Copy every line from the one containing "香港蓝色牛仔裤男款直筒春秋款2023新款弹力修身男士裤子男春秋季商品大图" through the last line of the records below, both included, and nothing else.

• **Input material**
^^^^^^^^^^^^^^^^

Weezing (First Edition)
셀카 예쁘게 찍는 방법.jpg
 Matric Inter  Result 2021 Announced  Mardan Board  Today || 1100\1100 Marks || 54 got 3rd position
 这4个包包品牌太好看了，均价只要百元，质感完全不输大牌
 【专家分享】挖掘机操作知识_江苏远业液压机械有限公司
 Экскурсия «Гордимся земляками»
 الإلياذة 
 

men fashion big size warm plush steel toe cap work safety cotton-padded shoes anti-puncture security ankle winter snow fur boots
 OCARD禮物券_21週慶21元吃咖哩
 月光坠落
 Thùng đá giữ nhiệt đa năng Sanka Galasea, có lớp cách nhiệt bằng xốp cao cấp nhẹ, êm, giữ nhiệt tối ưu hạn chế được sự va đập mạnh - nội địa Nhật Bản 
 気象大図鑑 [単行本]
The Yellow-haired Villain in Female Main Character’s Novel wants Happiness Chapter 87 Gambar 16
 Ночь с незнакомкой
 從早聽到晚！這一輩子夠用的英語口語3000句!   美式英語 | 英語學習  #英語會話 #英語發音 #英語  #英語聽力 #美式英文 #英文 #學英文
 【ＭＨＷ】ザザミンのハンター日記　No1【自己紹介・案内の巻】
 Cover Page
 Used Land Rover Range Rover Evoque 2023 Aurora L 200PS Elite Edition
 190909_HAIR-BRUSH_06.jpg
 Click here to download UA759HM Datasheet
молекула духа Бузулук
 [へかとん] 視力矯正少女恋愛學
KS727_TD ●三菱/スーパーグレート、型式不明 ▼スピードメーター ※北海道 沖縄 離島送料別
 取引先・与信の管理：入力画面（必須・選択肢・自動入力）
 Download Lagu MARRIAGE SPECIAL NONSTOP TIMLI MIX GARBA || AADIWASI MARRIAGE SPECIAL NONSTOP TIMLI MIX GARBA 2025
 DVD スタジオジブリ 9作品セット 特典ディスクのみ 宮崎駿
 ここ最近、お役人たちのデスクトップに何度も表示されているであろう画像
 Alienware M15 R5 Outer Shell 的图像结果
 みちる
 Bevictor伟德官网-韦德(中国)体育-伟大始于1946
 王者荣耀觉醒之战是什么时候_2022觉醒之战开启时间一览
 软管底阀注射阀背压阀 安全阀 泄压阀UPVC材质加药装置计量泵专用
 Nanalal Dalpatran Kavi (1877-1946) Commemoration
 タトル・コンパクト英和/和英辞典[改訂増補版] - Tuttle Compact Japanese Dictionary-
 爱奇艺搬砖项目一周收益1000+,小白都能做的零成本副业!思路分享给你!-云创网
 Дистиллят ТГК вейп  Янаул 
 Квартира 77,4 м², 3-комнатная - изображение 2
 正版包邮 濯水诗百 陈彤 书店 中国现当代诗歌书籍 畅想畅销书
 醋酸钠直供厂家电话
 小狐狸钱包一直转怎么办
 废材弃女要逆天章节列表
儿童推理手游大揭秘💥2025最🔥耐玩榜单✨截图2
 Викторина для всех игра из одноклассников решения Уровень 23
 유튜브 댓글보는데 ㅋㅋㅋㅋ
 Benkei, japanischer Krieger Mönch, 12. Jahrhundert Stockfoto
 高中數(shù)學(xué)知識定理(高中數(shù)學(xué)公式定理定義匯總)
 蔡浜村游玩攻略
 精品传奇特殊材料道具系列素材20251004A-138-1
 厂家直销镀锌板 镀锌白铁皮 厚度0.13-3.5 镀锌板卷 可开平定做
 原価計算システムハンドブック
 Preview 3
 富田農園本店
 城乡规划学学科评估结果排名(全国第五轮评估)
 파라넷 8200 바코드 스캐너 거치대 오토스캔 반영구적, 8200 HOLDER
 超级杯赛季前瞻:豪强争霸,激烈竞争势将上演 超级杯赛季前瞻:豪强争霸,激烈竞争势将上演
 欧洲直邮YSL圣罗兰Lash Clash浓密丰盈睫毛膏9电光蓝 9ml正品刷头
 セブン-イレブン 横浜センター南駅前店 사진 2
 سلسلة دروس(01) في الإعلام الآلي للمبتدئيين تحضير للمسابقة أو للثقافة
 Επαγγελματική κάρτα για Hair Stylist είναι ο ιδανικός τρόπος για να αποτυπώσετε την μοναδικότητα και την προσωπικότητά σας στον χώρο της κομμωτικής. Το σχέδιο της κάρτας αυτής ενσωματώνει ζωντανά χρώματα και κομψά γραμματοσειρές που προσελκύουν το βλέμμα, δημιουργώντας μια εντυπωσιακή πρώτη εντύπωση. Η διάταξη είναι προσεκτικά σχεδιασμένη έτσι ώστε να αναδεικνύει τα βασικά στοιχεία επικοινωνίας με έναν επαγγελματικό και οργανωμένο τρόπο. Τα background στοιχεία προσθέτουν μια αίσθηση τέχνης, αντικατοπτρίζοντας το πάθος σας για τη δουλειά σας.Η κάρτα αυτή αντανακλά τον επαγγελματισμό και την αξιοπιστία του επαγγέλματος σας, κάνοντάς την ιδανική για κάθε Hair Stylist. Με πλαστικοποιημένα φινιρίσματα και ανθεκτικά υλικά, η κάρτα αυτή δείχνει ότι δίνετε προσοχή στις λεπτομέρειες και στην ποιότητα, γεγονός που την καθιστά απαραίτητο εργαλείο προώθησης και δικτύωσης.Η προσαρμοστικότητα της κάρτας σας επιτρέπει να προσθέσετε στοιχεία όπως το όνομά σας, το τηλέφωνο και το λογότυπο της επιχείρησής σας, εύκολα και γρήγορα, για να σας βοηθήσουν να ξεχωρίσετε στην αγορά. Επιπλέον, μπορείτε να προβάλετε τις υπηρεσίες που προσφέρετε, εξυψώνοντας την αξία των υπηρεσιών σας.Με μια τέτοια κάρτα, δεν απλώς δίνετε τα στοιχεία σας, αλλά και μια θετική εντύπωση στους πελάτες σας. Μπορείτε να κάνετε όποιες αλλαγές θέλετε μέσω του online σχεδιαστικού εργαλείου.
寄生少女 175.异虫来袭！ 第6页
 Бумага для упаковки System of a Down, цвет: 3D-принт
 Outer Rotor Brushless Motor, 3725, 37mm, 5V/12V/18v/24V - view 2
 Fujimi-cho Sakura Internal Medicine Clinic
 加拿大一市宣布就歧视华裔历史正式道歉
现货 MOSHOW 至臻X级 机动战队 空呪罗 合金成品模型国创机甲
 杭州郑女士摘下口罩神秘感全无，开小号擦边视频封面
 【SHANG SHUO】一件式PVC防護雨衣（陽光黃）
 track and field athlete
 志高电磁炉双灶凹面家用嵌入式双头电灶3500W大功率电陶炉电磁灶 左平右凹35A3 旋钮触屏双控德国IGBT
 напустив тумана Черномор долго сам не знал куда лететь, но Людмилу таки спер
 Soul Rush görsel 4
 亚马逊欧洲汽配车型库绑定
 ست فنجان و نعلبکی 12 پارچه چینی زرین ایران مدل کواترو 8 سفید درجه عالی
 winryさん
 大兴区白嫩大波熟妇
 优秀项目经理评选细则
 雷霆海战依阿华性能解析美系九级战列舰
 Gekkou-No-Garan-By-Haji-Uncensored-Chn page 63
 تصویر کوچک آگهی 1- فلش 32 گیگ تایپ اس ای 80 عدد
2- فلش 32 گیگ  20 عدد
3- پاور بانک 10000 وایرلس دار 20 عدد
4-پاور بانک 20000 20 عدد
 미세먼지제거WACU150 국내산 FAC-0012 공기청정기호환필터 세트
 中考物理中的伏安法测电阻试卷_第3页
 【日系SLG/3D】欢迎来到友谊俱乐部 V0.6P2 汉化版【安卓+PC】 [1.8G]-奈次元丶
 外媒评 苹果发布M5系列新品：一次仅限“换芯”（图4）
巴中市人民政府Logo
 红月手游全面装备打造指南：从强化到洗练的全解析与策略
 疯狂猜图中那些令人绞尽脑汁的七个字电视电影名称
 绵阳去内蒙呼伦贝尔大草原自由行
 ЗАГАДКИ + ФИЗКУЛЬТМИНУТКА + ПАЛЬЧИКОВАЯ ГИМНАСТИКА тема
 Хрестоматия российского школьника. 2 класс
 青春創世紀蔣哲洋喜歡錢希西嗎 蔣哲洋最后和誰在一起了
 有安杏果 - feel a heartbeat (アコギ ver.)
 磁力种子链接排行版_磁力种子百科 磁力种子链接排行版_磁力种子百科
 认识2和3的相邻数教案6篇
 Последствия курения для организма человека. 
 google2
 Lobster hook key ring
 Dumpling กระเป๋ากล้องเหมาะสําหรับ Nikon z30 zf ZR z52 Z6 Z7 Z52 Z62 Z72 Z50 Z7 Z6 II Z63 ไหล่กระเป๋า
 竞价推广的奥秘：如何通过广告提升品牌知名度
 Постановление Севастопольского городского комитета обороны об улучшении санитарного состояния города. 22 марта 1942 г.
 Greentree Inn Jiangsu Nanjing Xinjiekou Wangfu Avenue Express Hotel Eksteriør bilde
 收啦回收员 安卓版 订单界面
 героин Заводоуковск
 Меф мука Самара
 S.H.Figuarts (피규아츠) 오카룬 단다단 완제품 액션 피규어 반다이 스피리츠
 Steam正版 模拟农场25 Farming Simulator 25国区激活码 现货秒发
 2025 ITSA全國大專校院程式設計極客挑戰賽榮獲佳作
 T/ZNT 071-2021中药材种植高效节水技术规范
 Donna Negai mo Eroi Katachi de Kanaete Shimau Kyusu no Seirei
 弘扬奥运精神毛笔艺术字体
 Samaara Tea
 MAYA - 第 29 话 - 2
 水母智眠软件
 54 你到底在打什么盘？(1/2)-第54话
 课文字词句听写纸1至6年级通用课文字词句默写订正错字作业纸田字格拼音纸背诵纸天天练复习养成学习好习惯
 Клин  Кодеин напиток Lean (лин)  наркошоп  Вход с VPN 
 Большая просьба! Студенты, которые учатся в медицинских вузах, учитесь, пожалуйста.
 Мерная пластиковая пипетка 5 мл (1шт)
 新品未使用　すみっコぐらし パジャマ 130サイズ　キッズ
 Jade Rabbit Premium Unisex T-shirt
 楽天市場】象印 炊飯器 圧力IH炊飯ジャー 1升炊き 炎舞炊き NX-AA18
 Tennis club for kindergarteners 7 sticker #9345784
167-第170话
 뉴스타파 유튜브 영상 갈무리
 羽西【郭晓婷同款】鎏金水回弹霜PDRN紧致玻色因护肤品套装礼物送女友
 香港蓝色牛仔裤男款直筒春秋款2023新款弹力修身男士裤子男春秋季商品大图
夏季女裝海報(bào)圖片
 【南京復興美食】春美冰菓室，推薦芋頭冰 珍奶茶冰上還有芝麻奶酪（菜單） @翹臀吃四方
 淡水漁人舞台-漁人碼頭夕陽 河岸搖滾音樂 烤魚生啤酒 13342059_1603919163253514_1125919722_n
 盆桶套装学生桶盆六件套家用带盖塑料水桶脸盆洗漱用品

^^^^^^^^^^^^^^^^

• **Answer section**
 香港蓝色牛仔裤男款直筒春秋款2023新款弹力修身男士裤子男春秋季商品大图
夏季女裝海報(bào)圖片
 【南京復興美食】春美冰菓室，推薦芋頭冰 珍奶茶冰上還有芝麻奶酪（菜單） @翹臀吃四方
 淡水漁人舞台-漁人碼頭夕陽 河岸搖滾音樂 烤魚生啤酒 13342059_1603919163253514_1125919722_n
 盆桶套装学生桶盆六件套家用带盖塑料水桶脸盆洗漱用品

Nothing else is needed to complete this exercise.